Johannesburg, South Africa - Here are my predictions for political contexts across Africa.


Mugabe failed to secure a formal resolution to extend his term for another two years at the annual Zanu-PF conference in December and I predict will finally see his iron-grip on his ruling Zanu-PF loosened, opening up a power-vacuum in that country. The opposition Movement for Democratic Change will be too divided to benefit. Instead, the solution will come from inside Zanu-PF itself. Mugabe and his ruling group within Zanu-PF's first choice, Joyce Mujuru, the deputy president, is likely to falter. Her challenger, rural Housing Minister Emmerson Mnangagwa, supported by many hardliners, is also unlikely to bridge the heal the divisions in the party caused by Mugabe's bloody rule.

Former Zimbabwean finance minister Simba Makoni is likely to make a comeback as a leading contender to takeover from Mugabe. However, it is going to be difficult for Zanu-PF to prevent a split in the party following the departure of Mugabe.


There will be attempts to lure two other African statesmen who have both transcended their countries back to local politics. The one is UN General Secretary Kofi Annan. Could he be tempted to run for the leadership of his country? Many believe that Ghana's ruling NPP peddles tribal politics. There are persistent accusations of corruption against leading members within it and rising trade union opposition against the party's economic and social policies. All this could increase the clamor for a Ghanian that's above the divisive fray to contest the 2008 presidential elections.

South Africa

In South Africa, ANC deputy president Jacob Zuma will fail in his bid to succeed President Thabo Mbeki as leader of the ruling-ANC and president of the country. Current South African deputy president Phumzile Mlambo-Ngcuka, Mbeki's protege and the person he very much want to have as his successor, is unlikely to benefit from a Zuma stumble.
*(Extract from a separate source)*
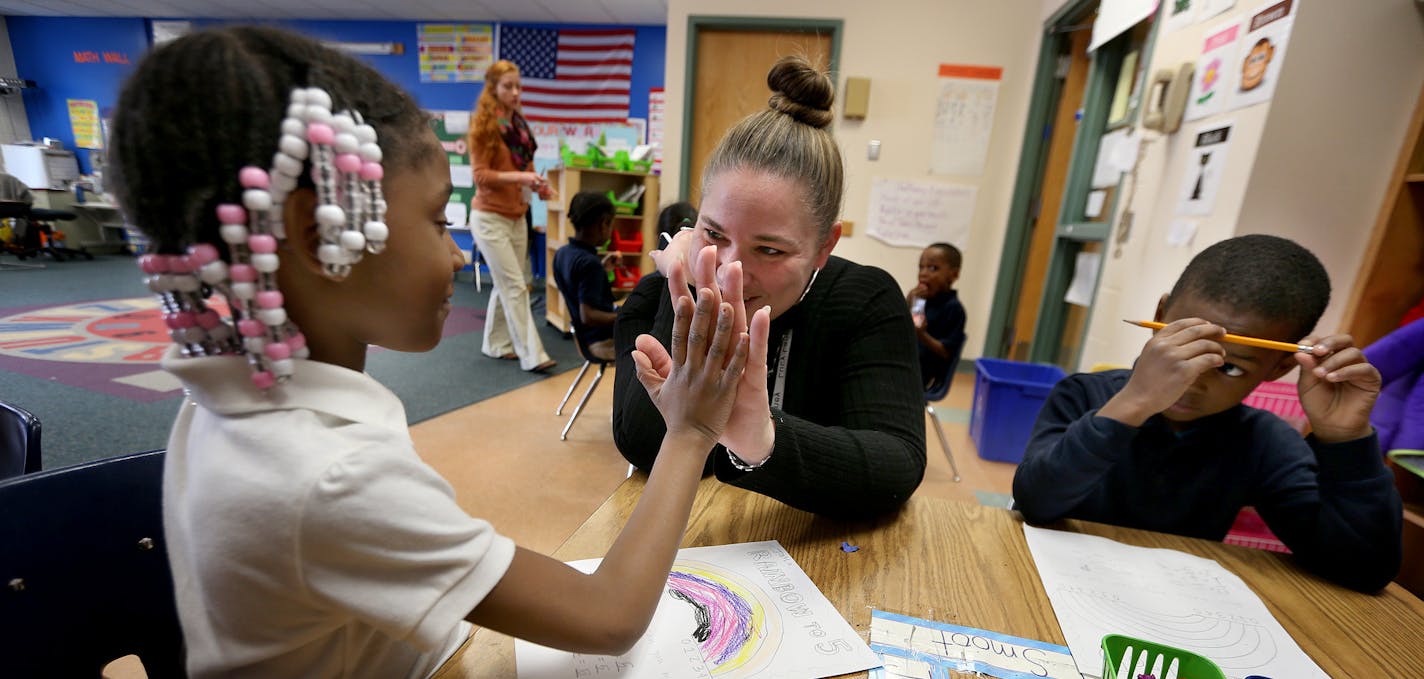 Lucy Laney School Principal Maurie Melander visited with kindergarten students Jayla Solomon, left, and Daniel Smoot, Monday, March 17, 2014 in Minneapolis, MN. ] (ELIZABETH FLORES/STAR TRIBUNE) ELIZABETH FLORES &#x2022; eflores@startribune.com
Unless Zuma voluntary withdraws from the presidential succession race, and steps aside for Mlambo-Ngcuka, Mbeki and the ANC's women lobby's dream of installing Africa's oldest liberation movement's first woman as head will be postponed. Mlambo-Ngcuka is currently overshadowed by the Zuma campaign, as well as her own political frailties. Instead, the man former President Nelson Mandela thought would be the best candidate to step into his shoes, Cyril Ramaphosa, is likely make a comeback. Tokyo Sexwale, Mbeki's former rival will also be back in the reckoning. However, it is likely that the two -- and their supporters -- will be forced to strike a deal between who should run as presidential candidate for the party's centrist wing. If this is the case, Ramaphosa is likely to win. If the presidential contest turns even messier, finance minister Trevor Manuel is likely to come from the sidelines as a neutral candidate -- with support across factional, racial and ideological lines.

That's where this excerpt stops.